→ **Information provided**
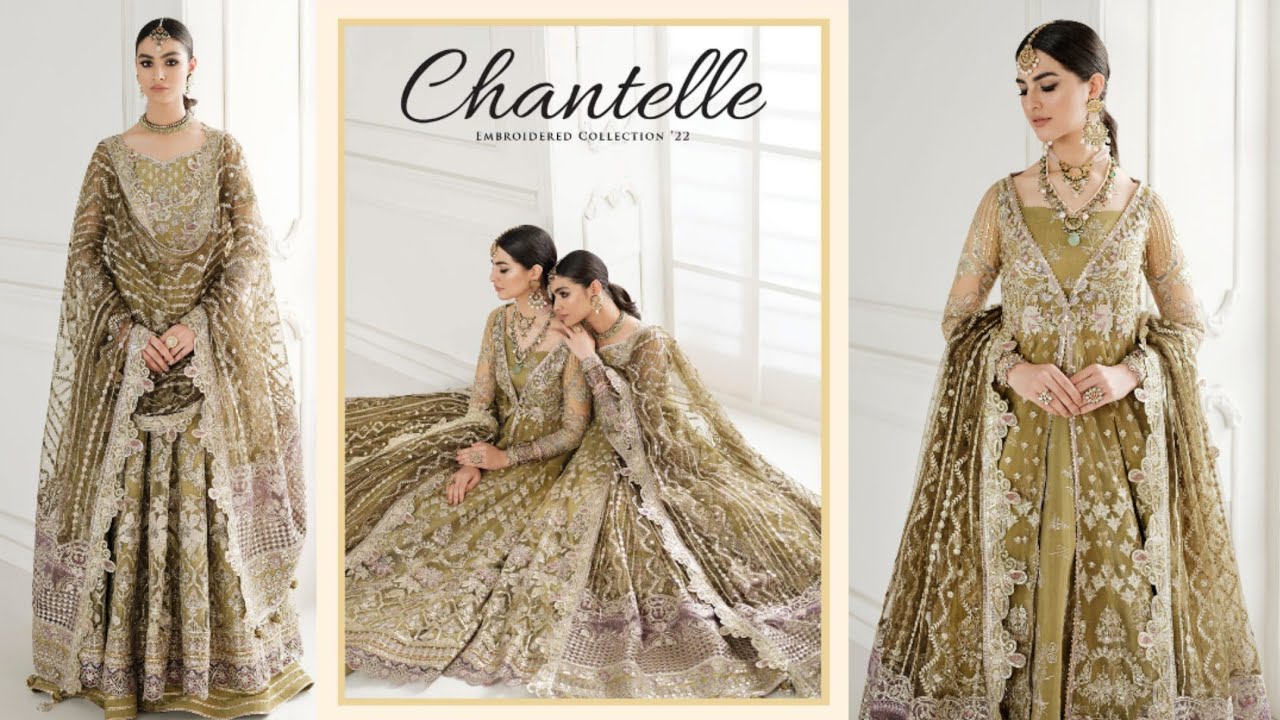 🔥New Design Original🔥 Chantelle Embroidered  Collection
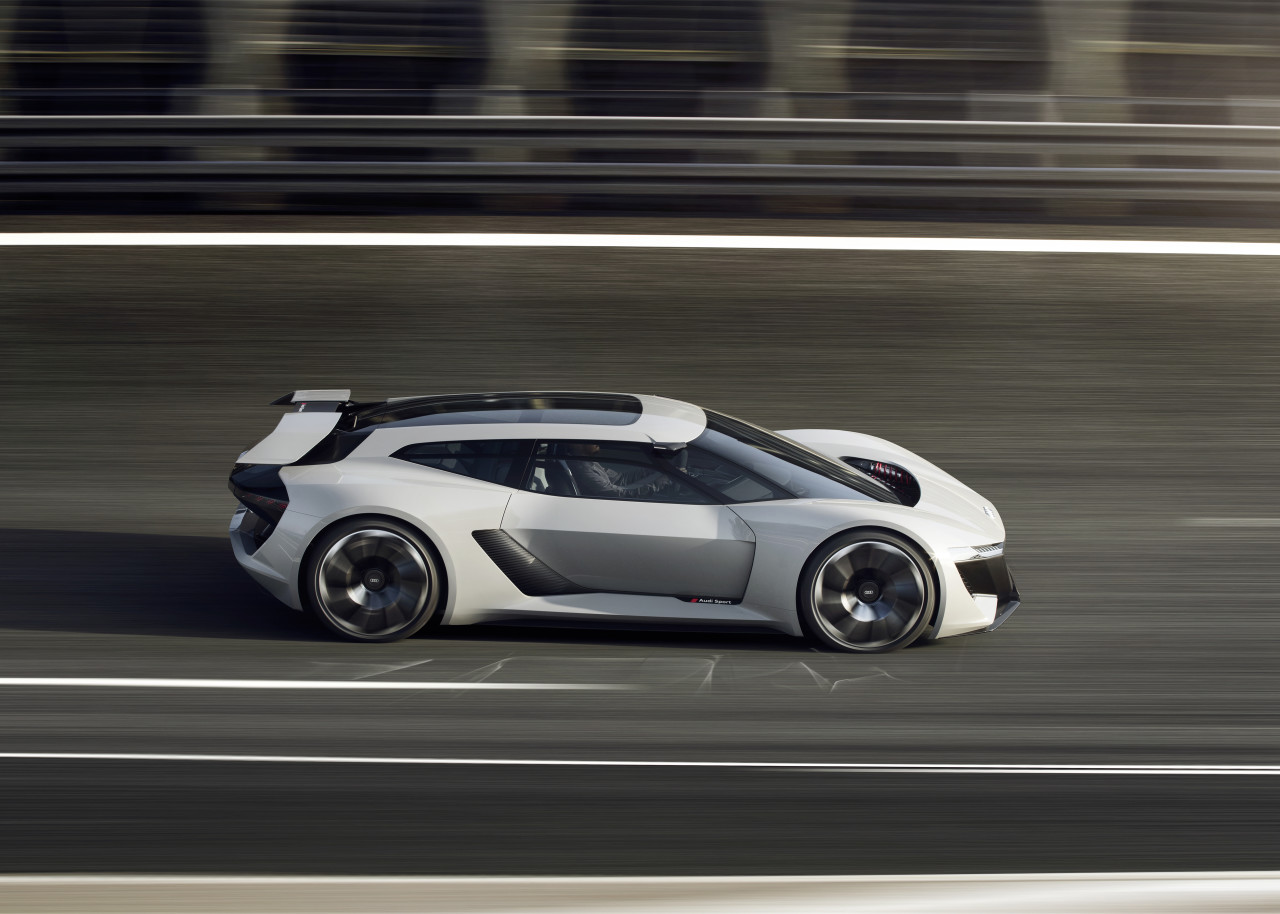 Charles LeFra，electric vehicle，Concept sports car，audi，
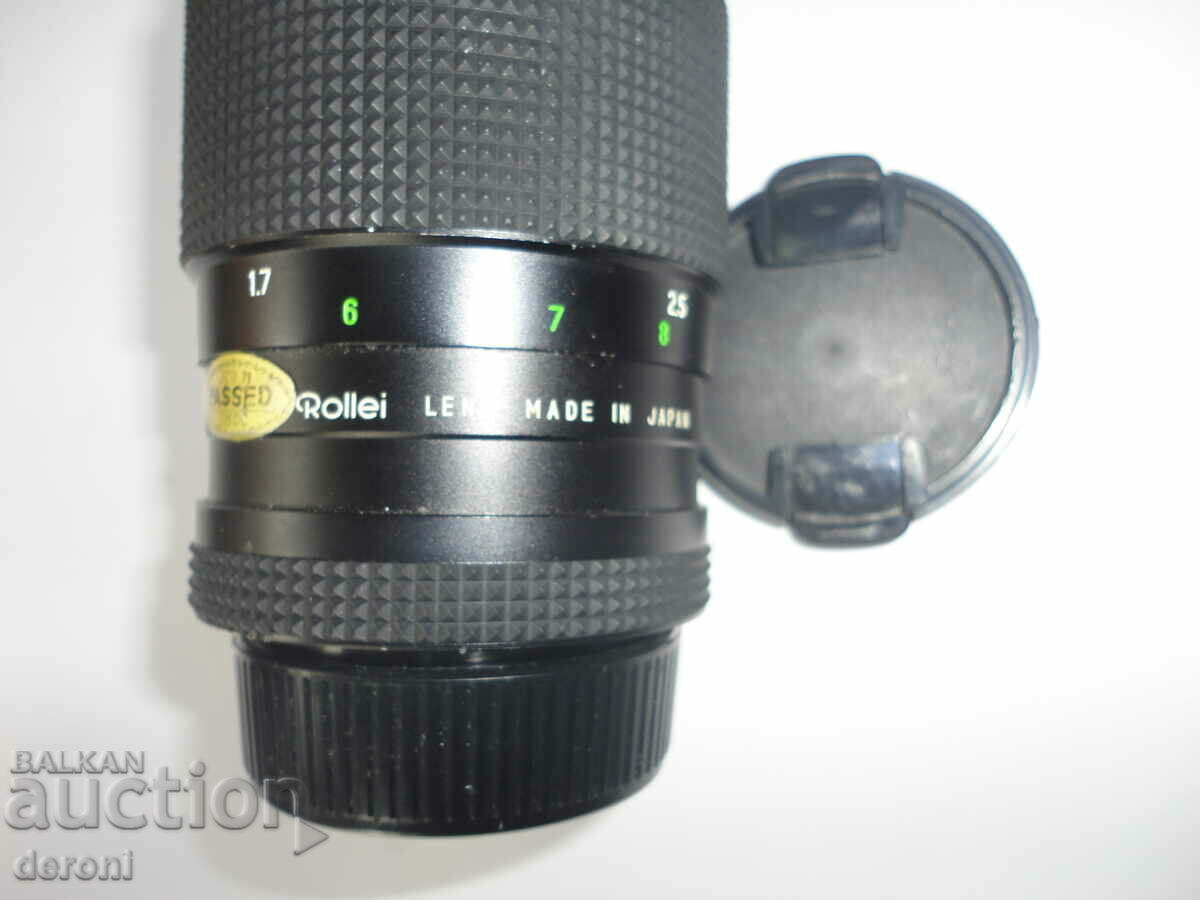 Auction Rollei camera lens Auction Rollei camera lens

→ **Your instructions**
Write all the lines above out again exactly, minus the images.

→ **Solution**
 🔥New Design Original🔥 Chantelle Embroidered  Collection
 Charles LeFra，electric vehicle，Concept sports car，audi，
 Auction Rollei camera lens Auction Rollei camera lens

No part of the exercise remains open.